Folks Could Be Skiing In Oregon Soon Enough

It was announced yesterday, May 5th, by Governor Kate Brown that there would be limited openings of Oregon's state parks, outdoor recreation facilities, and areas across the state for day use starting yesterday, May 5th. This announcement also stated that there would be camping opportunities becoming available as federal, state, local, and private providers are able to prepare their facilities for visitors. However, outshining all of that, at least for winter sports enthusiasts, ski resorts and areas will be able to reopen, pending a new executive order that will be forthcoming.

“Enjoying Oregon’s beauty and bounty is one of our state's time-honored traditions,” said Governor Brown. “As we begin to slowly open up recreation sites, state parks, and ski areas, it is critical we ensure the health and safety of staff, volunteers, and the public. And that begins with each of us taking personal responsibility to be good stewards of our parks and each other.”
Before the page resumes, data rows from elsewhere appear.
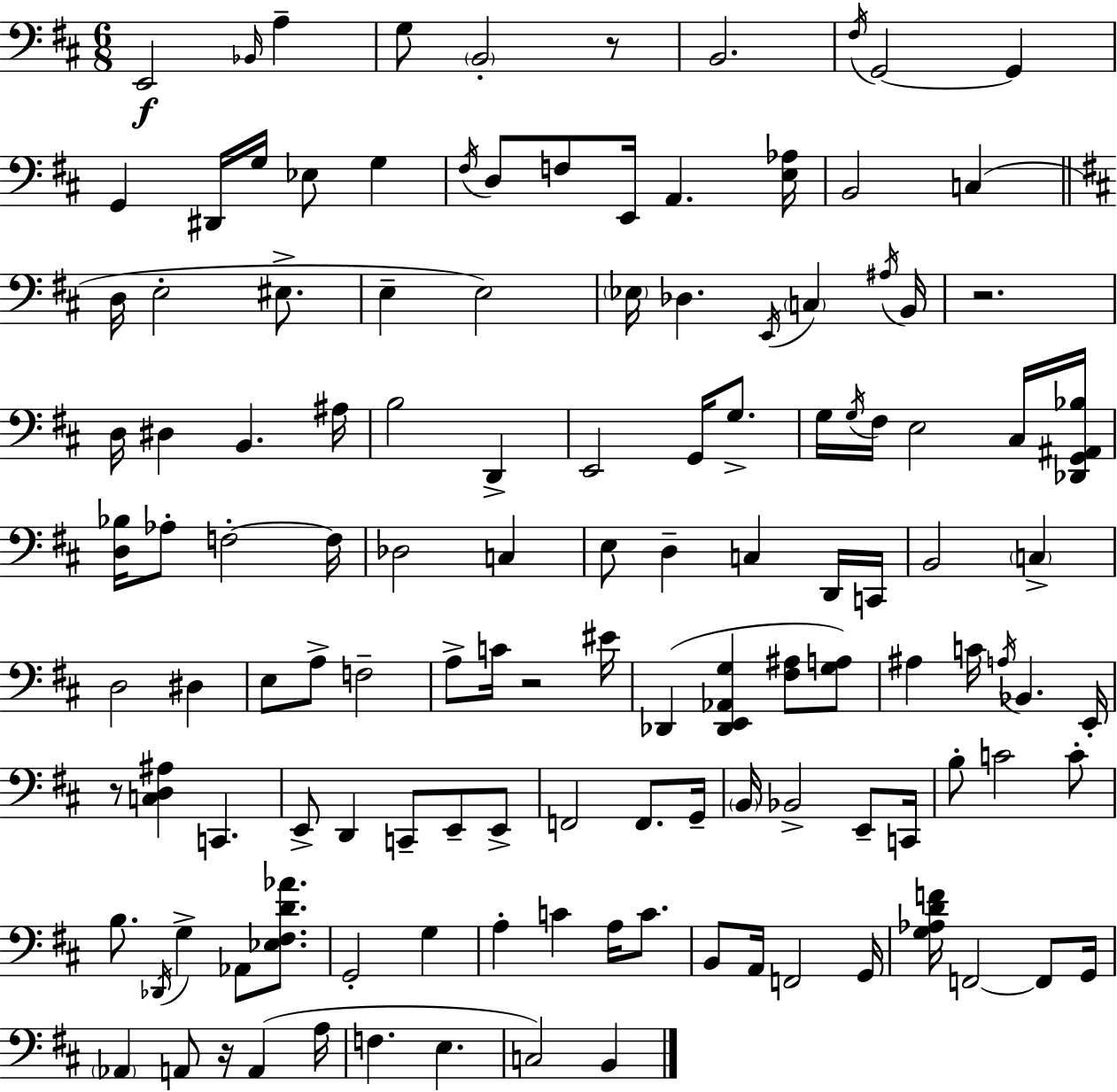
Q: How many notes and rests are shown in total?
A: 127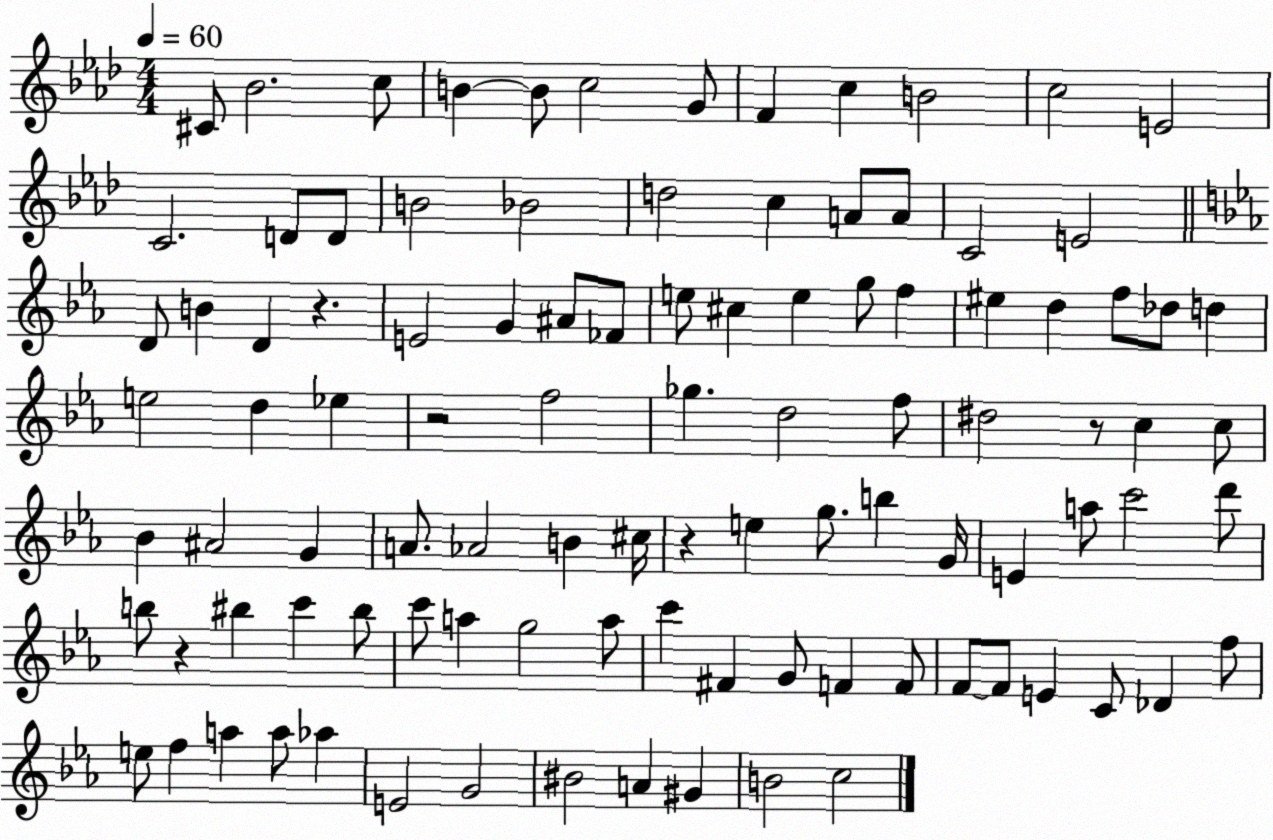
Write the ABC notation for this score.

X:1
T:Untitled
M:4/4
L:1/4
K:Ab
^C/2 _B2 c/2 B B/2 c2 G/2 F c B2 c2 E2 C2 D/2 D/2 B2 _B2 d2 c A/2 A/2 C2 E2 D/2 B D z E2 G ^A/2 _F/2 e/2 ^c e g/2 f ^e d f/2 _d/2 d e2 d _e z2 f2 _g d2 f/2 ^d2 z/2 c c/2 _B ^A2 G A/2 _A2 B ^c/4 z e g/2 b G/4 E a/2 c'2 d'/2 b/2 z ^b c' ^b/2 c'/2 a g2 a/2 c' ^F G/2 F F/2 F/2 F/2 E C/2 _D f/2 e/2 f a a/2 _a E2 G2 ^B2 A ^G B2 c2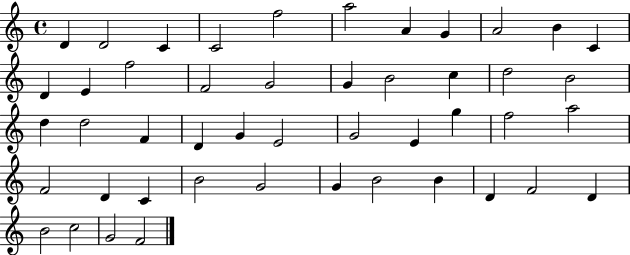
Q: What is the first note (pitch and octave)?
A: D4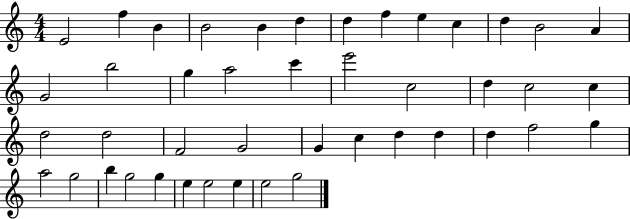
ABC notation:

X:1
T:Untitled
M:4/4
L:1/4
K:C
E2 f B B2 B d d f e c d B2 A G2 b2 g a2 c' e'2 c2 d c2 c d2 d2 F2 G2 G c d d d f2 g a2 g2 b g2 g e e2 e e2 g2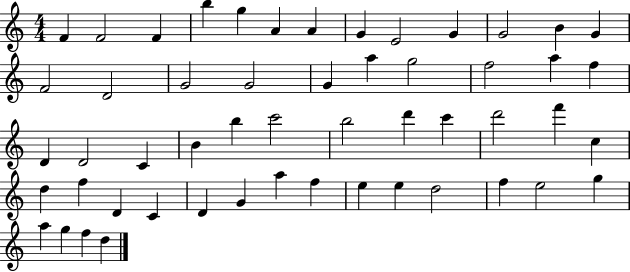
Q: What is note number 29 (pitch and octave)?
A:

Reopening Oregon's recreation areas is going to be a phased project. Areas will open as communities and providers determine it is safe to do so, meaning don't go heading up to the ski hills around the state just yet. At current, none of the Oregon ski resorts or areas have made a formal announcement as to when or if they will open, as they are still waiting for the official go-ahead from the Governor herself.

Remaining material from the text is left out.